Und das bezieht sich auf drei große Ebenen:

  • es bezieht sich auf die materiellen Bedingungen unseres Lebens
  • es bezieht sich auf unsere Beziehung und Begegnung im Zwischenmenschlichen
  • und es bezieht sich auf unsere Beziehung zu uns selbst.

In diesen drei Bereichen sind wir eingeladen, genau hinzuschauen, unsere Potentiale zu entfalten und unser Leben zu gestalten.

Unser Spannungsniveau und unserer Stressniveau im Leben verweisen uns genau darauf. Und was wir da sehr schnell verstehen können, ist, das Hau-Ruck-Aktionen, Dinge übers Knie brechen, sei es in Beziehungen, sei es im Bezug auf die materiellen Umstände unseres Lebens oder in unserer Beziehung zu uns selbst, sich eher negativ auswirken. Wenn wir versuchen, die Dinge zu erzwingen, dann kommen wir in Teufelsküche.

Hinschauen, Lernen und Gestalten sind die Königswege, um unsere Spannung nachhatlig zu regulieren und das in unserem Leben zu kultivieren, was ich “produktive Glückseligkeit” nenne.

Innere Ruhe, Übersicht und Zugang zu unsere Vernunft sind wichtig, wenn es darum geht, genau hinzuschauen, zu lernen und zu gestalten. Und genau deshalb ist es wichtig, dass wir über die Zaubermittel, also jene Techniken verfügen, die uns ermöglichen, unser Spannung kurzfristig und direkt zu beeinflussen.

Wenn wir Spielräume erschließen, wenn uns das gelingt, dann reduzieren wir den negativen Stress, die negative Spannung und auch die hohen Spannungsniveaus in unserem Leben auf verschiedenen Ebenen.
Wir übernehmen Verantwortung und werden zu Gestaltern.

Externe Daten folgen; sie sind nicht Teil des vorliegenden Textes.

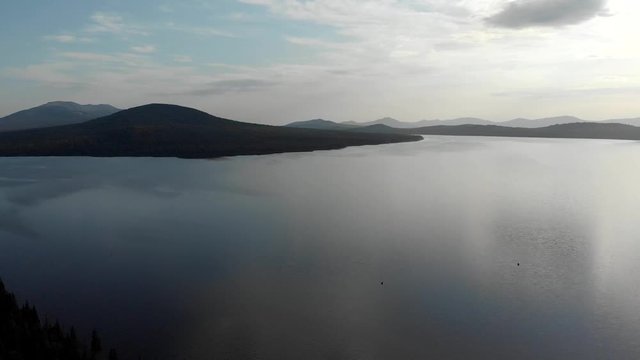 Aerial photography. Top view of the mountain lake Zyuratkul in the Urals. Sunny day in the mountains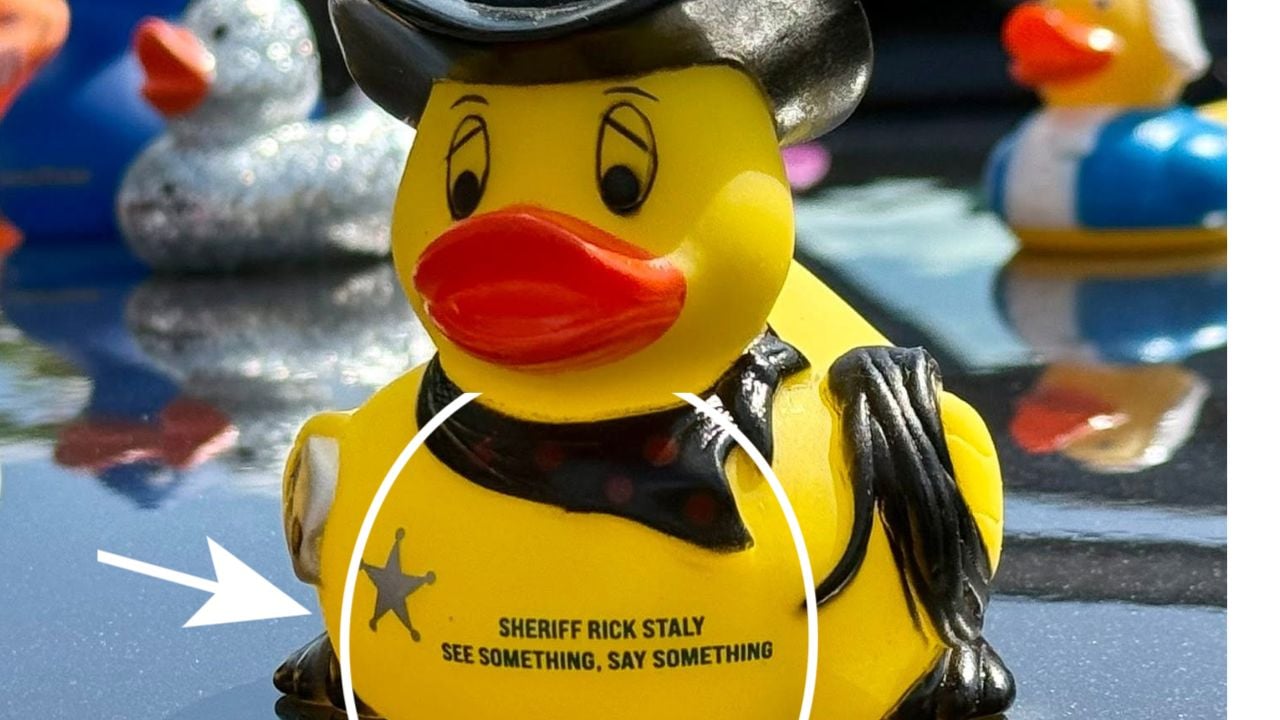 Sheriff-themed rubber duck with a sheriff's badge design reading "See Something, Say Something" and "Sheriff Rick Staly."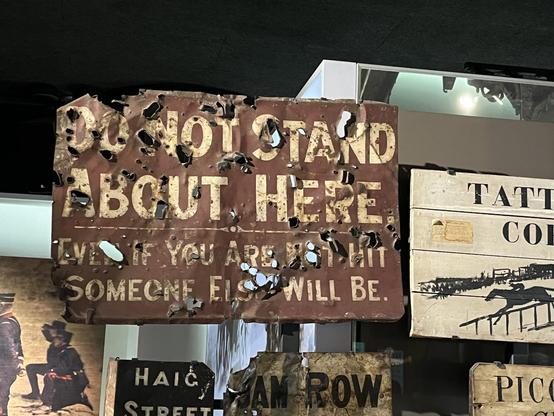 A heavily damaged sign, probably caused by shrapnel, saying: "Do not stand about here -- Even if you are not hit, someone else will be.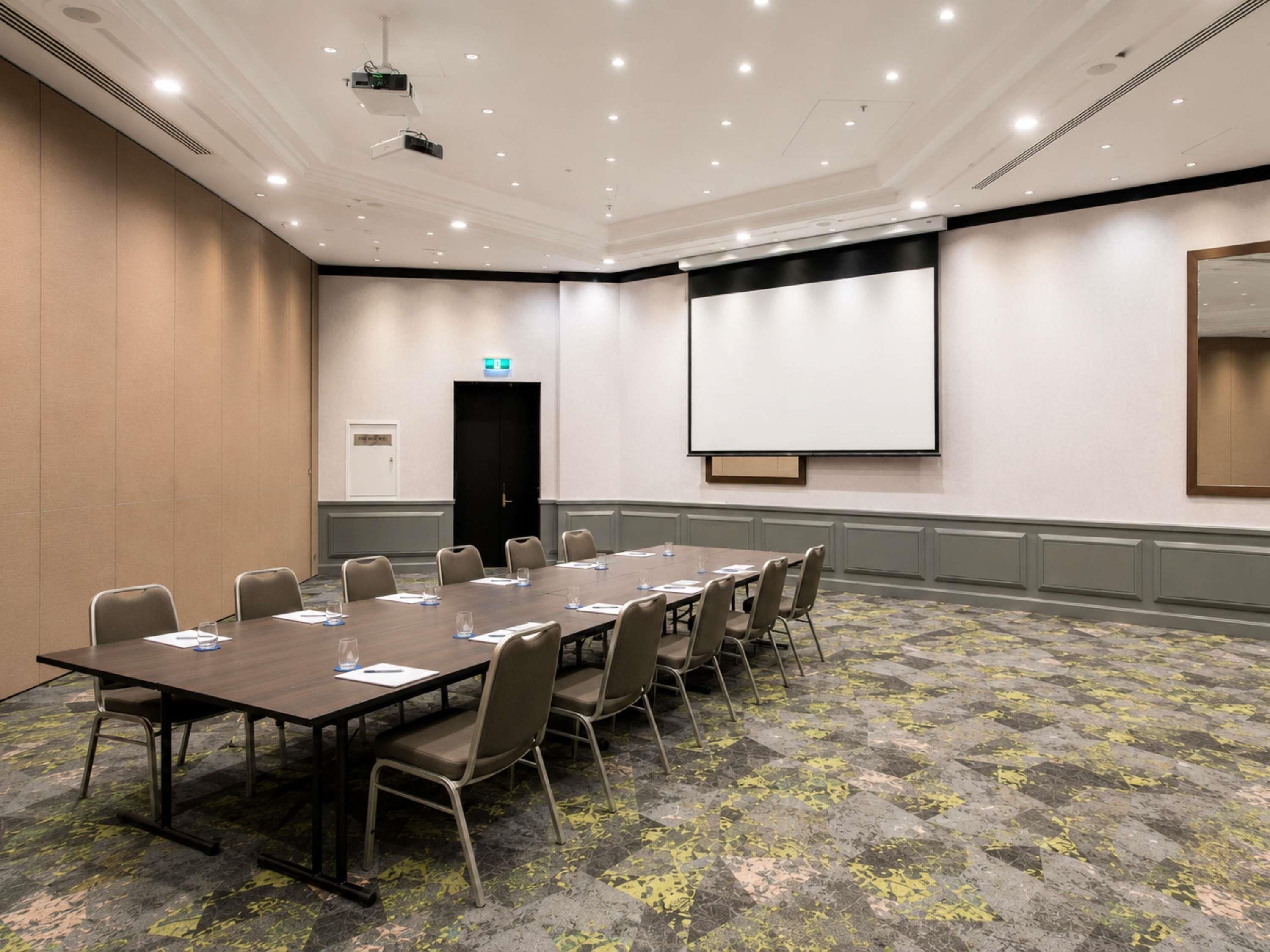 A conference room with a long table, chairs, a projector screen, and a door.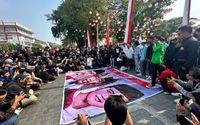 Demonstran membentangkan banner besar yang isinya menyindir dinasti Jokowi dalam aksi di Balai Kota Solo, Kamis, 22 Agustus 2024. (Kredit AJI)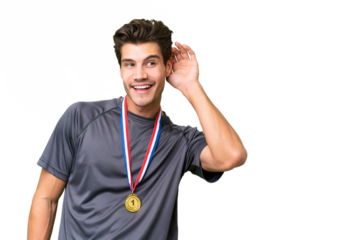 Young caucasian man with medals over isolated background listening to something by putting hand on the ear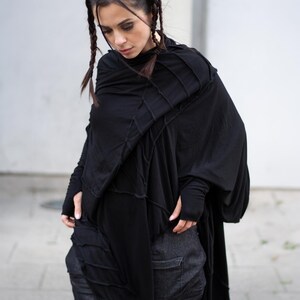 K&ouml;nnte beinhalten: Schwarzes, drapiertes Oberteil mit langen &Auml;rmeln und einem einzigartigen Nahtdesign. Das Oberteil wird mit dunkelgrauen Jeanshosen kombiniert. Das Outfit hat eine moderne, avantgardistische &Auml;sthetik. Das Model tr&auml;gt das Outfit.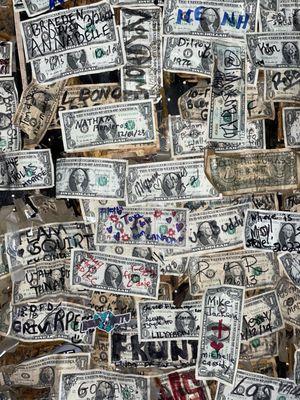 Cool signed $1 bills of past patrons over the years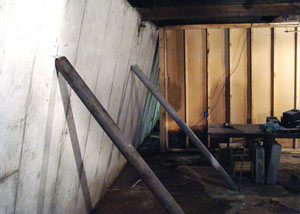 A severely tilting foundation wall propped up by steel beams in Mount Vernon.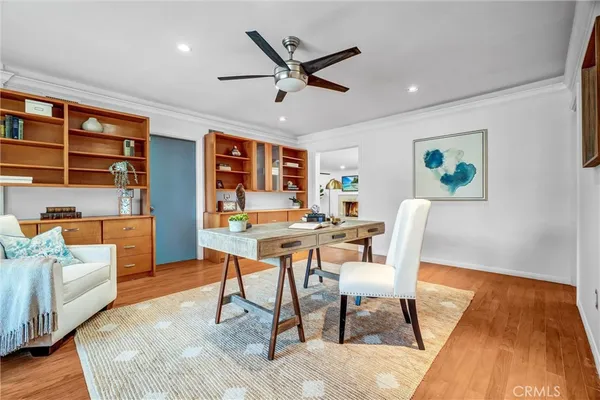 a room with lots of furniture and a view of living room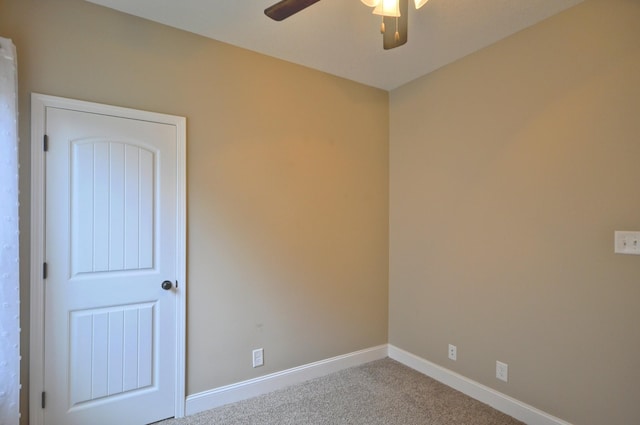 carpeted spare room with ceiling fan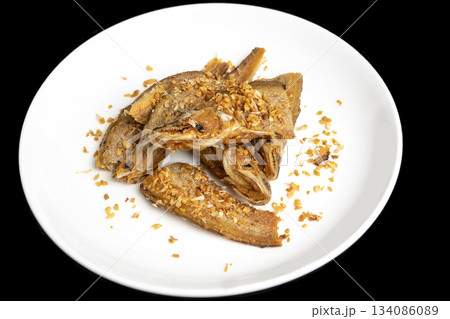 Deep fried fish with garlic 134086089
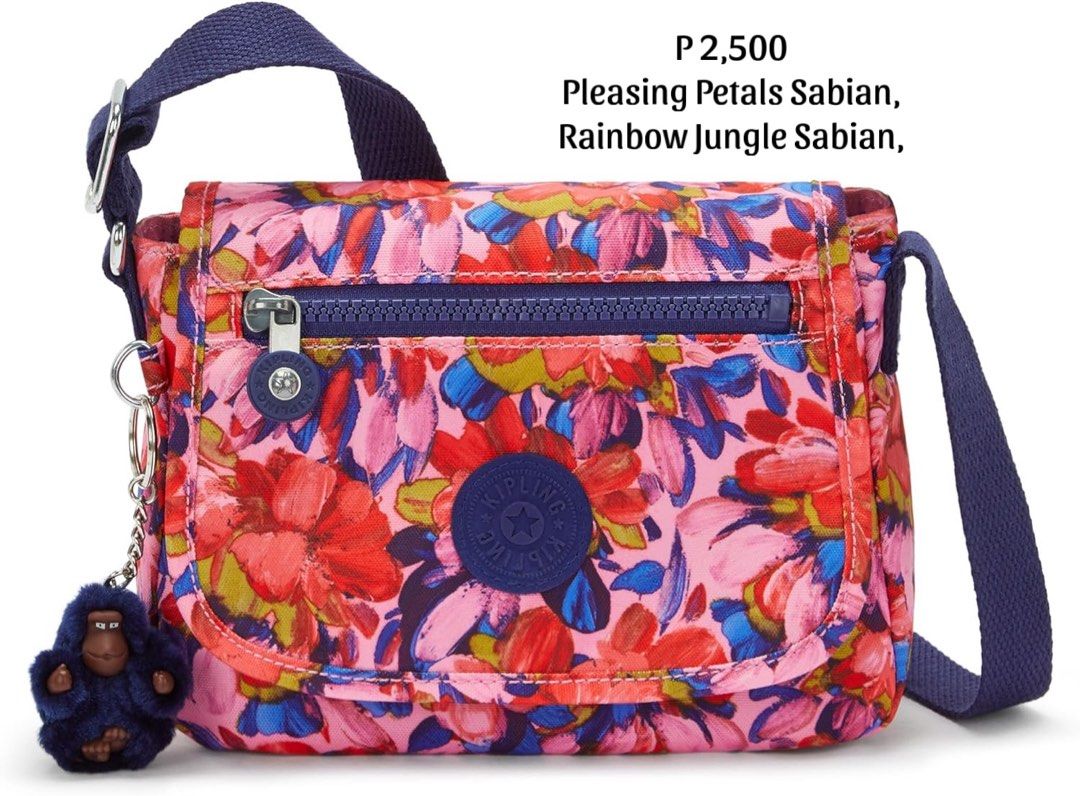 Kipling Sabian Pleasing Petals Crossbody Bag (Category: Cross-body Bags) located in Quezon City. Submitted by thebubbly (Listing ID 1433464350, Image 1). Description: - Kipling Sabian crossbody bag - Eye-catching floral print - Main compartment with zipper - Adjustable shoulder strap - Includes signature monkey keychain - Front zippered pocket - Secure flap closure - Vibrant color scheme: pink, red, blue, and purple.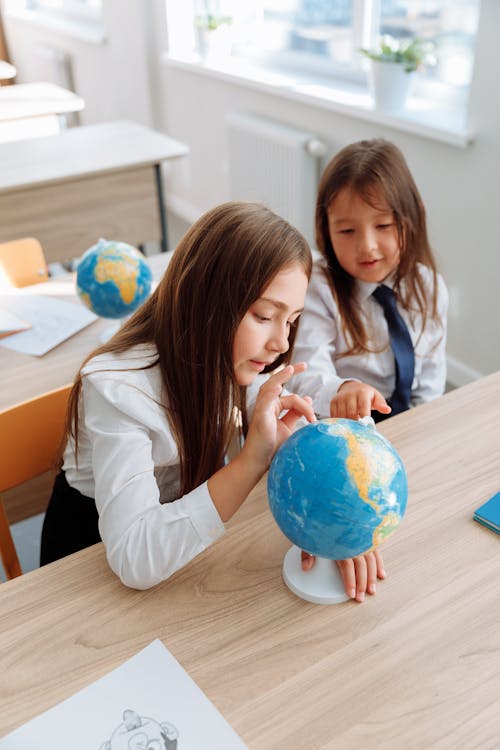 Two Girls Studying a Globe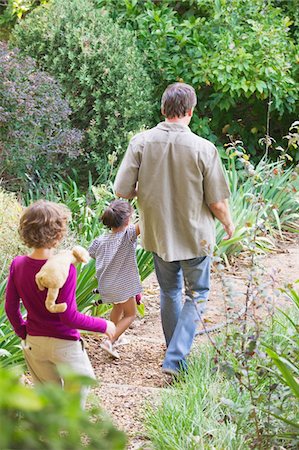 father and daughter of backside in garden - Father with two children walking in a garden Stock Photo - Premium Royalty-Free, Code: 6108-05870726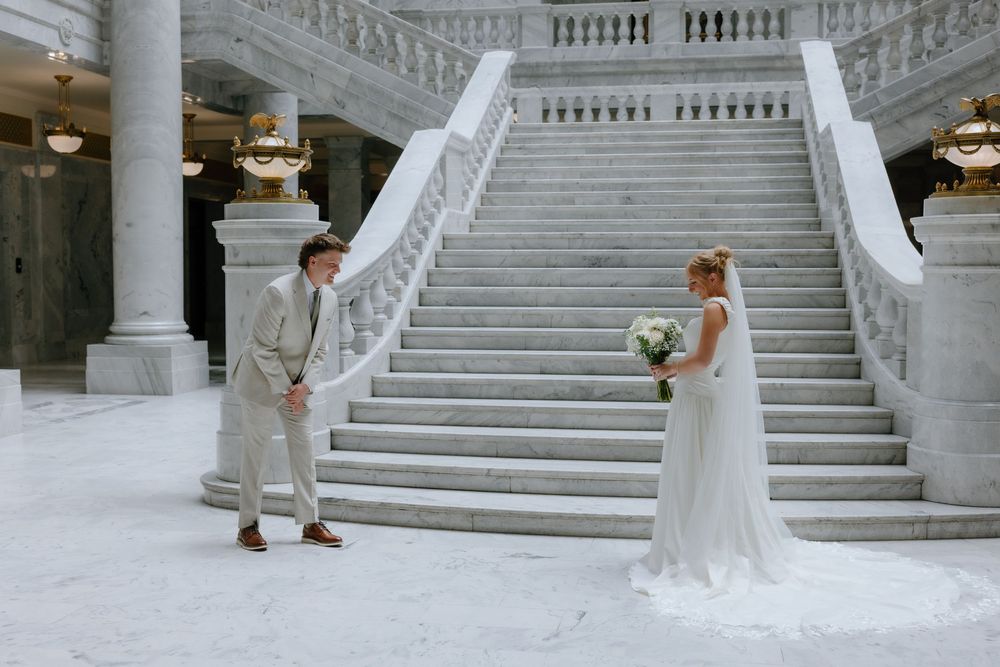 Bride and groom share a first look moment at the base of grand marble staircase in elegant venue.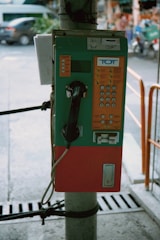 A vintage public payphone is mounted on a pole, featuring a green and orange casing. The keypad and coin slots are visible, and the phone hangs on the left side. The surrounding environment suggests an outdoor urban setting with a blurred street and vehicles in the background.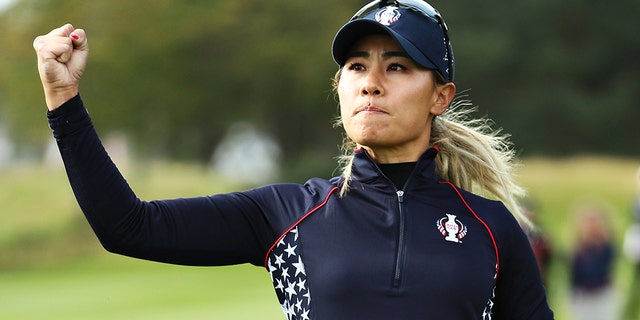 Danielle Kang of Team USA celebrates her putt on the thirteenth green in her match against Carlota Ciganda of Team Europe during the final day singles matches of the Solheim Cup at Gleneagles on September 15, 2019 in Auchterarder, Scotland. (Photo by Jamie Squire/Getty Images)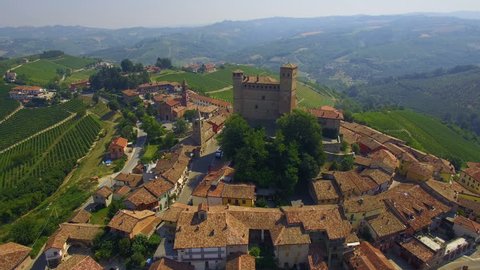 Aerial: slow flight over small Italian town - Serralunga d'Alba surrounded with vineyard hills. Piedmont region, Italy.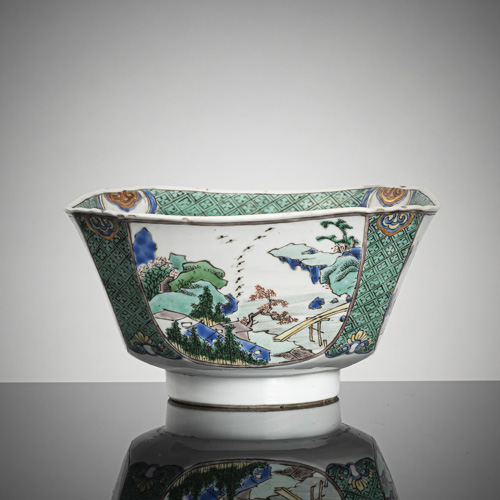 <b>An octagonal 'Famille verte' porcelain bowl with seascapes and figurative decoration, partly with gold</b>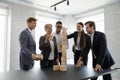 Happy successful diverse business team of different ages building tower Royalty Free Stock Photo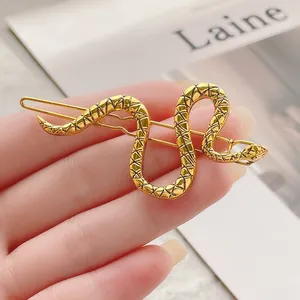 Detalle de una pinza para el cabello de serpiente dorada con textura de escamas y aleación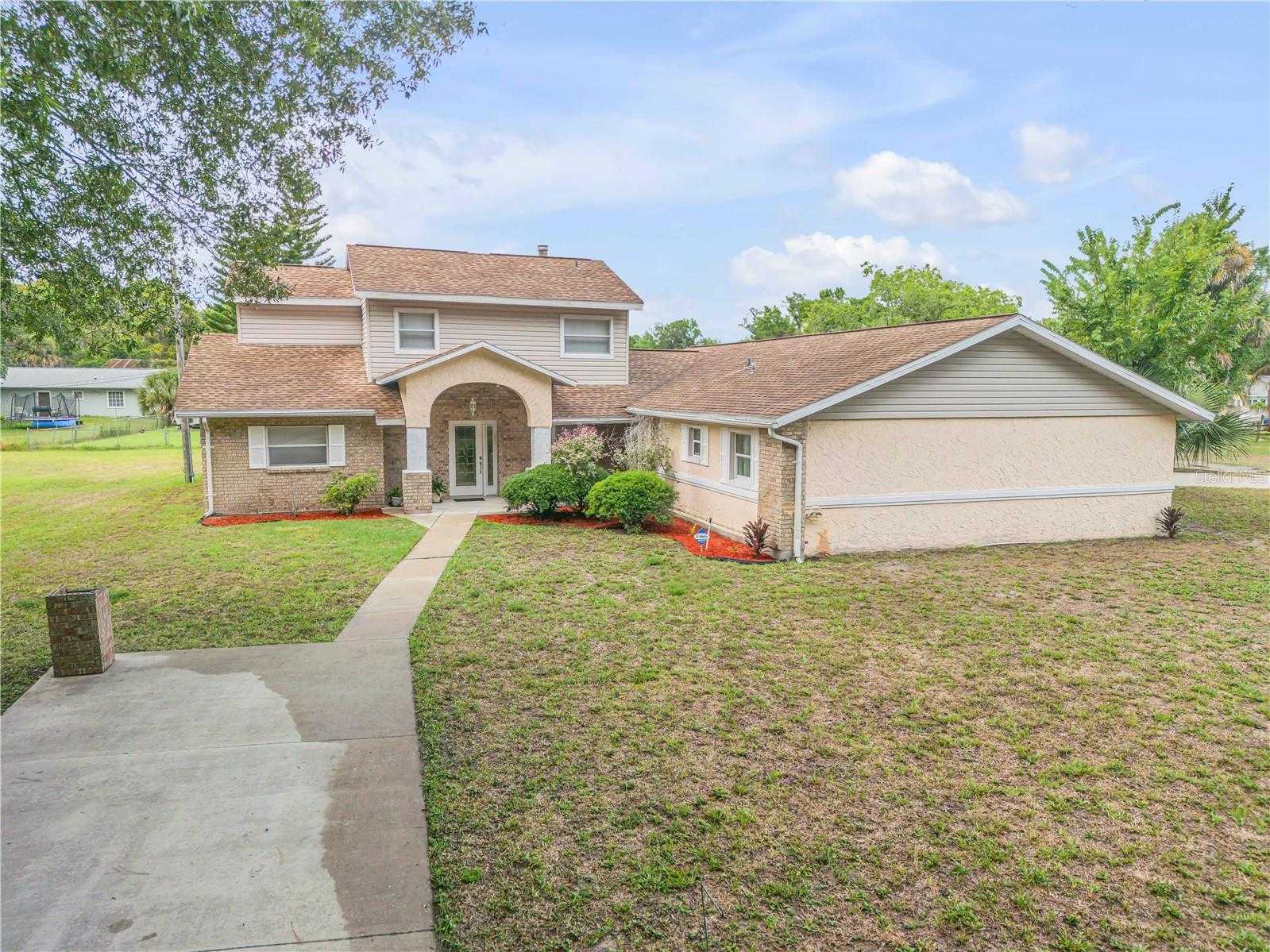 photo 2: 299 W HICKORY AVENUE, OAK HILL FL 32759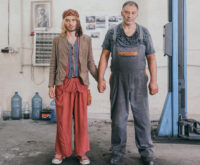 Zwei Männer halten Händchen in einer Autowerkstatt und schauen ausdruckslos in die Kamera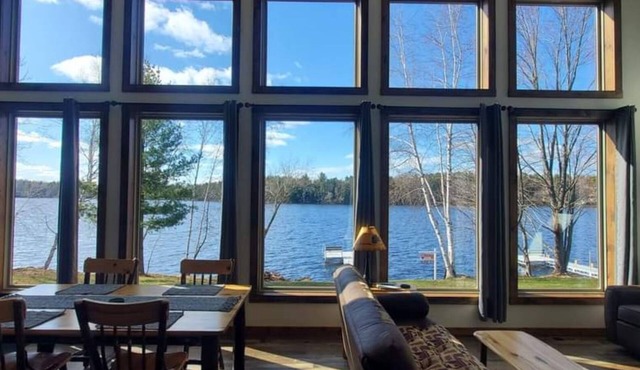 New waterfront cabin with expansive lake-facing windows, Long Lake, Phillips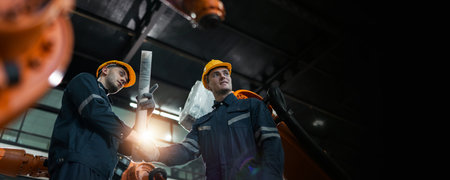 Male engineers wearing hard hats shaking hands in cooperation on project in machinery factory to...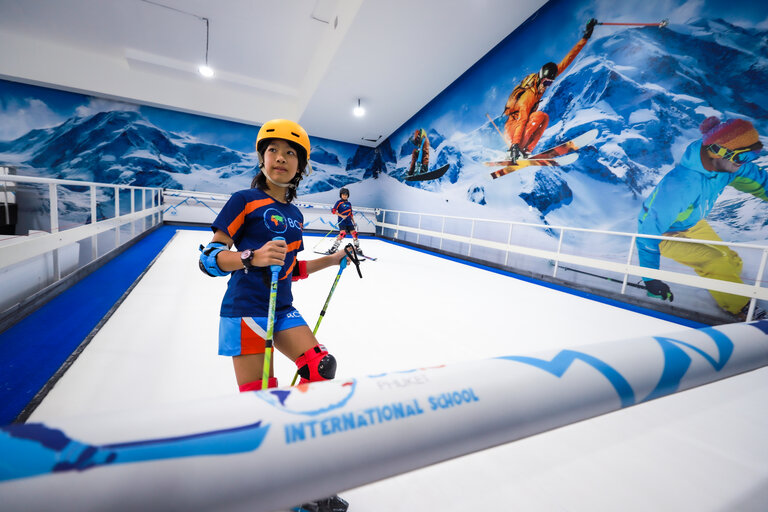 students during indoor ski lesson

Und das ist vielleicht sogar das wichtigste.
Sobald wir das Gefühl haben, dass wir in unserem Leben das bewirken können, was wir uns wünschen, verlassen wir die Position der Ohnmacht und die Position des Opfers.

Wir ermächtigen uns selbst. Und das gibt uns ein ganz anderes Grundgefühl im Leben.

Wenn wir dann beherzt gestalten und kontinuierliches Lernen als einen Prozess verstehen, der damit zu tun hat, dass wir Neues ausprobieren und experimentieren, dann fangen wir auf verschiedenen Ebenen an, uns als wirkungsvoller zu erleben. Das gilt umso mehr, wenn es uns gelingt, Spannung und situative Frustration über Fehler, die grundlegender Bestandteil von Lernen und Entwicklung sind, effektiv zu regulieren.

Dann können wir vermeintliche Fehler als wesentliche Rückmeldungen begreifen, die uns ermöglichen, unsere Fähigkeiten weiterzuentwickeln. Dann lernen wir auf der Ebene der konkreten Fähigkeiten, aber wir lernen auch auf der Ebene des Lernens selbst. Wir werden Fehlerfreundlicher gerade dadurch, dass wir lernen mit Spannung und kurzfristigen Spannungsspitzen umzugehen.

Dann empfinden wir uns in dem kontinuierlichen Lern- und Entwicklungsprozess, der die Grunddynamik der menschlichen Exisenz ausmacht, mehr und mehr als effektiv. Dann verändert sich, auch nach Albert Bandura über das Thema der “Selbstwirksamkeitserwartung”, unser Grundgefühl im Leben. Und unser Stress verwandelt sich von einem Gift, das wir unbedingt entsorgen wollten, zu einem Messinstrument und Kompass für unsere existenzielle Navigation.

Wir können uns besser und selbstbewusster orientieren. Wir fühlen uns glücklicher und erfüllter. Und wir werden nach und nach kompetenter im Umgang mit Zielen und Projekten auf der Ebene materiellen Dinge, die wir entwickeln wollen im Leben. Wir werden beweglicher und wirkungsvoller auf der Ebene unserer Beziehungsgestaltung. Und wir werden kompetenter im Umgang mit uns selbst.

Das war die Einführung in die Impulse der Lernwerkstatt “Stressmanagement”.

Wir werden uns im weiteren überwiegend mit drei großen Feldern beschäftigen. Das sind die drei Felder, über die ich bereits gesprochen habe

  1. das Feld unserer Beziehungen und Begegnungen
  2. das Feld unserer materiellen Bedingungen oder unsere Beziehung zu den Dingen und unsere Lebensumstände
  3. sowie das dritte Feld, indem wir uns mit unsere Beziehung zu uns selbst beschäftigen.